## CS431/631 Data Intensive Distributed Computing
---

In [None]:
!apt-get update -qq > /dev/null
!apt-get install openjdk-8-jdk-headless -qq > /dev/null
!wget -q https://downloads.apache.org/spark/spark-2.4.7/spark-2.4.7-bin-hadoop2.7.tgz
!tar xf spark-2.4.7-bin-hadoop2.7.tgz
!pip install -q findspark

In [None]:
import os
os.environ["JAVA_HOME"] = "/usr/lib/jvm/java-8-openjdk-amd64"
os.environ["SPARK_HOME"] = "/content/spark-2.4.7-bin-hadoop2.7"

import findspark
findspark.init()

from pyspark import SparkContext
sc = SparkContext(appName="IrTest", master="local[*]")
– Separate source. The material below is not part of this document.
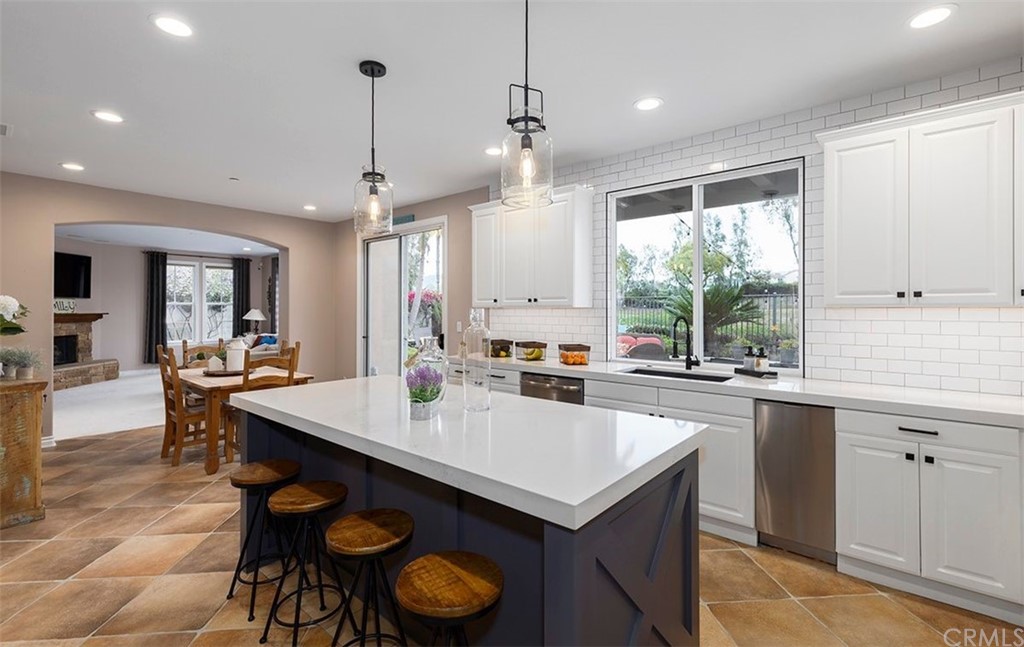 517 Via El Risco San Clemente, CA 92673 - Photo 14 of 51 a kitchen with a sink a stove a refrigerator and wooden cabinets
I will be using Python and Spark to perform spam detection.   I will need to perform two tasks.   The first is to build spam prediction models, using training data sets and stochastic gradient descent (SGD).   The second is to use these models to predict whether the documents in a test data set are spam.
The stochastic gradient descent technique that I will be using is based on [a paper](http://arxiv.org/abs/1004.5168) by Cormack, Smucker and Clarke.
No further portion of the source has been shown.